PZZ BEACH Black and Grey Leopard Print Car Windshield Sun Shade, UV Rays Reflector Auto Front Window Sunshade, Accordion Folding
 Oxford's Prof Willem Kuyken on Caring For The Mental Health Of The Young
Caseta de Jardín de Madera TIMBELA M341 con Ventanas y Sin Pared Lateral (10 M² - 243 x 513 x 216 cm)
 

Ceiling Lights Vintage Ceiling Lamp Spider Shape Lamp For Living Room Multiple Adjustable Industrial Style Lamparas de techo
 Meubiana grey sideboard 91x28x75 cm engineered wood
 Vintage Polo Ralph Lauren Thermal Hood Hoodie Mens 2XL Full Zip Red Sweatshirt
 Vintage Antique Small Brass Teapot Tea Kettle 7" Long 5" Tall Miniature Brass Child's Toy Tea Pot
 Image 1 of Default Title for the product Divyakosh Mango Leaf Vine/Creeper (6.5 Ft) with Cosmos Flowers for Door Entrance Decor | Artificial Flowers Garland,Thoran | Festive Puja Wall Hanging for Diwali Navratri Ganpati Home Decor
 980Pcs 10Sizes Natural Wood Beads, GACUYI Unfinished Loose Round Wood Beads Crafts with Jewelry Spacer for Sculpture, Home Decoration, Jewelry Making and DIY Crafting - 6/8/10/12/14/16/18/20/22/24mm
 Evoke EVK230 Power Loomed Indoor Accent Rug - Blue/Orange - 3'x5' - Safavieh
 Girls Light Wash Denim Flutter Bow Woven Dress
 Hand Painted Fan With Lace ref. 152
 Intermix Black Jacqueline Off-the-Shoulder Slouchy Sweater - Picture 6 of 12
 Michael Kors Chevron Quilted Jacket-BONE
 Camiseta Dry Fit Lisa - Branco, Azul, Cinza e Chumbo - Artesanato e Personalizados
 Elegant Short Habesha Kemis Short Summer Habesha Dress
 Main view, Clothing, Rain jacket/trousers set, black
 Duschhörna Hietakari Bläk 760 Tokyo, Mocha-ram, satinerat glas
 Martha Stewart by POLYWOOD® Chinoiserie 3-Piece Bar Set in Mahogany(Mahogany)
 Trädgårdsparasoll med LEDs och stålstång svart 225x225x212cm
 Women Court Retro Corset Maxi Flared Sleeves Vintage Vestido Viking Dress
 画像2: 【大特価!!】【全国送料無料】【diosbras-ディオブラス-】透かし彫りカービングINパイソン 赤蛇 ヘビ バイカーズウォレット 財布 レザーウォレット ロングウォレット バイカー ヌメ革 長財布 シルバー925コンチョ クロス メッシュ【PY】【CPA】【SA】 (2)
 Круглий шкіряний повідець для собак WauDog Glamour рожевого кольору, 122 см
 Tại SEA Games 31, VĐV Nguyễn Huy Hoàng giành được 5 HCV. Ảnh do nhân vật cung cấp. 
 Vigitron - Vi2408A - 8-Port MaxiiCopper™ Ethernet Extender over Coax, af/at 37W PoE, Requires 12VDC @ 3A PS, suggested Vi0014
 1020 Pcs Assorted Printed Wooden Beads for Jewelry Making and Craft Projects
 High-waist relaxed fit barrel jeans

——————

**About this task**
Lines holding the word "Making" are the answer; copy each one from the records above.

**Answer below**
 980Pcs 10Sizes Natural Wood Beads, GACUYI Unfinished Loose Round Wood Beads Crafts with Jewelry Spacer for Sculpture, Home Decoration, Jewelry Making and DIY Crafting - 6/8/10/12/14/16/18/20/22/24mm
 1020 Pcs Assorted Printed Wooden Beads for Jewelry Making and Craft Projects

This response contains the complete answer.